(Scraped caption text data)
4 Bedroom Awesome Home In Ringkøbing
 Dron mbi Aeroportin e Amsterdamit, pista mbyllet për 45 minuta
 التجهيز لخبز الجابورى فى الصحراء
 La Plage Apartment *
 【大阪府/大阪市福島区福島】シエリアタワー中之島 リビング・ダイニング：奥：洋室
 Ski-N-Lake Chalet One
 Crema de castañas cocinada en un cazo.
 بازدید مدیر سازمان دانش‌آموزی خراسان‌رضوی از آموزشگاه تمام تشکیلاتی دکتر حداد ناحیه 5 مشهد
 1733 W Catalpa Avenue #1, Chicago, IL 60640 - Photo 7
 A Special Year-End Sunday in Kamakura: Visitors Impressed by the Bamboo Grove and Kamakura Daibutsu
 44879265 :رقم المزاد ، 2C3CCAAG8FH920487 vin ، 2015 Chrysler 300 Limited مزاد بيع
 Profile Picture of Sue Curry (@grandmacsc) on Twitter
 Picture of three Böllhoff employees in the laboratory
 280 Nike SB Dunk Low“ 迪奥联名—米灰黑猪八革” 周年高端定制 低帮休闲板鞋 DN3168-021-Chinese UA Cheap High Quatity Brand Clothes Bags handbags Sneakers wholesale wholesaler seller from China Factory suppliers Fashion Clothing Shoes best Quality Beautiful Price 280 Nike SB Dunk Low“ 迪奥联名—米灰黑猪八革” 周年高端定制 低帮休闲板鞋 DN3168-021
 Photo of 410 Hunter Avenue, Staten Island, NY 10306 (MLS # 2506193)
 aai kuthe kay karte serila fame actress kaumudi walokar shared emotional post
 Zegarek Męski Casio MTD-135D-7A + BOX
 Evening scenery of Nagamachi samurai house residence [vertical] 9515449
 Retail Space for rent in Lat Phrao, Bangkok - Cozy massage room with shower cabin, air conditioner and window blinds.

**WHAT YOU HAVE TO DO**
Go through the data above and transcribe every entry exactly.

**WRITTEN SOLUTION**
4 Bedroom Awesome Home In Ringkøbing
 Dron mbi Aeroportin e Amsterdamit, pista mbyllet për 45 minuta
 التجهيز لخبز الجابورى فى الصحراء
 La Plage Apartment *
 【大阪府/大阪市福島区福島】シエリアタワー中之島 リビング・ダイニング：奥：洋室
 Ski-N-Lake Chalet One
 Crema de castañas cocinada en un cazo.
 بازدید مدیر سازمان دانش‌آموزی خراسان‌رضوی از آموزشگاه تمام تشکیلاتی دکتر حداد ناحیه 5 مشهد
 1733 W Catalpa Avenue #1, Chicago, IL 60640 - Photo 7
 A Special Year-End Sunday in Kamakura: Visitors Impressed by the Bamboo Grove and Kamakura Daibutsu
 44879265 :رقم المزاد ، 2C3CCAAG8FH920487 vin ، 2015 Chrysler 300 Limited مزاد بيع
 Profile Picture of Sue Curry (@grandmacsc) on Twitter
 Picture of three Böllhoff employees in the laboratory
 280 Nike SB Dunk Low“ 迪奥联名—米灰黑猪八革” 周年高端定制 低帮休闲板鞋 DN3168-021-Chinese UA Cheap High Quatity Brand Clothes Bags handbags Sneakers wholesale wholesaler seller from China Factory suppliers Fashion Clothing Shoes best Quality Beautiful Price 280 Nike SB Dunk Low“ 迪奥联名—米灰黑猪八革” 周年高端定制 低帮休闲板鞋 DN3168-021
 Photo of 410 Hunter Avenue, Staten Island, NY 10306 (MLS # 2506193)
 aai kuthe kay karte serila fame actress kaumudi walokar shared emotional post
 Zegarek Męski Casio MTD-135D-7A + BOX
 Evening scenery of Nagamachi samurai house residence [vertical] 9515449
 Retail Space for rent in Lat Phrao, Bangkok - Cozy massage room with shower cabin, air conditioner and window blinds.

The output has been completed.